ど、何処にも委員長や先生の姿がなくて……

でも、その……私、確かに聞いたんです。


三階の廊下を歩いている時に男の人の取り乱した様な声で、必死で誰かに謝っているのを……


※プライバシー保護の為、音声は変えております。






これが後に桜宮祭七不思議と呼ばれる、居るはずのない担任伝説である。








「…………である」


「さっきから何ぶつぶつ言ってるのユキ?」

亮平に連れていかれる柳瀬を見ながら勝手にアフレコしていた勇気。

すかさず(ちょっと面白かったので、切りの良いところで)翔が突っ込みをいれる。

「今日、沙織さん来てくれるんだったよね。楽しみだね」

にっと笑う翔。

勇気は頷いた。

「すっごい楽しみ過ぎて眠れなかった。

早く今日が来れば良いのにって思うのに、何処かで今日なんか来なければ良いのに……って。

はは、わけわかんねぇよな」

そう言った勇気の後ろで呆れた様に言ったのは美咲だった。

「本当わけわかんない。

あんたバカなんだから、そんなこと考えずに楽しんだら良いじゃない」

「ったく」と言って肩をすくめた美咲。

勇気は立ち上がる。

「そうだな。うん、そうだよな。

美咲の言う通りだよな」

焼きそばの野菜を手に持ちながら勇気は豪快に笑った。

美咲が屋台から離れようとすると、直也が小さく声をかける。

「意地っ張り。

でも……よく言えたな」

美咲は「ふん」と返事もせずに屋台を離れた。

その瞳には涙が溜まっていたが、その雫が地面を濡らすことはなかった。







桜宮祭は高校のイベントにしては規模が大きく、毎年休日に催される為に他校からの参加も多い。

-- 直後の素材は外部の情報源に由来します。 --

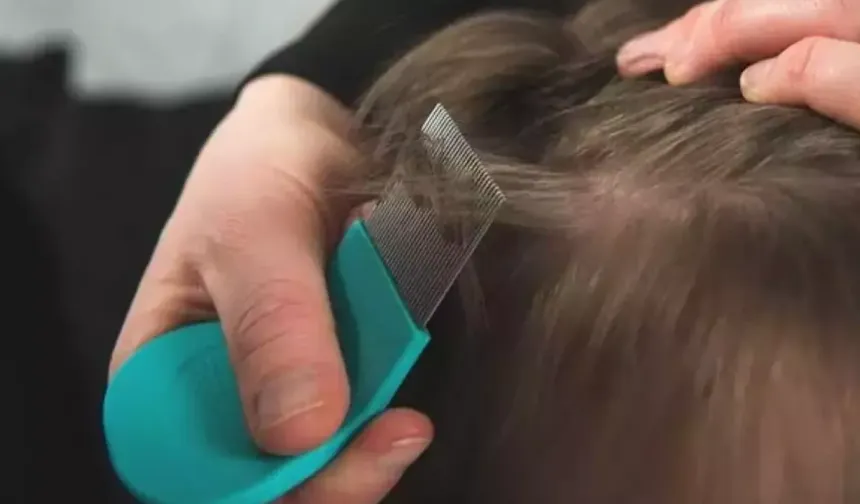 Okullar açıldı! Çocuğunuzun saçını mutlaka kontrol edin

心なしか女生徒の参加が多いのは、桜ノ宮付属は男子のレベルが高い。と言われているからかもしれない。

「へぇー、サッカー部は大喜利大会やるんだ」

プログラムを見ながら勇気が翔にそう確認した。

「うん。キャプテンが祭と言ったら大喜利だろう。って皆の意見も聞かずに……」


「はは、相変わらず面白い部活だな」

「うん、でも、あと少しで先輩達は卒業しちゃうんだよな。

来年は僕がキャプテンだなんて……」

翔が次のキャプテンに任命されたのは、ついこの間のことだった。

2年生は翔1人しか居ないのだから当り前と言えば当り前なのだけれど、その重圧は翔が考えていたよりも大きかったようだ。

「ならあと少しで沢山の思い出を作らなきゃだな。

今日はあれなんだろ?なんとかって先輩も大喜利に参加してくれるんだろ?」

「うん。笠井先輩も来てくれるし……

よぉーし、今日は楽しむぞぉ!」

そんな翔を見て、みんなが優しく笑った。

桜ノ宮付属高校文化祭は色んな人の想いを包んで進行していく。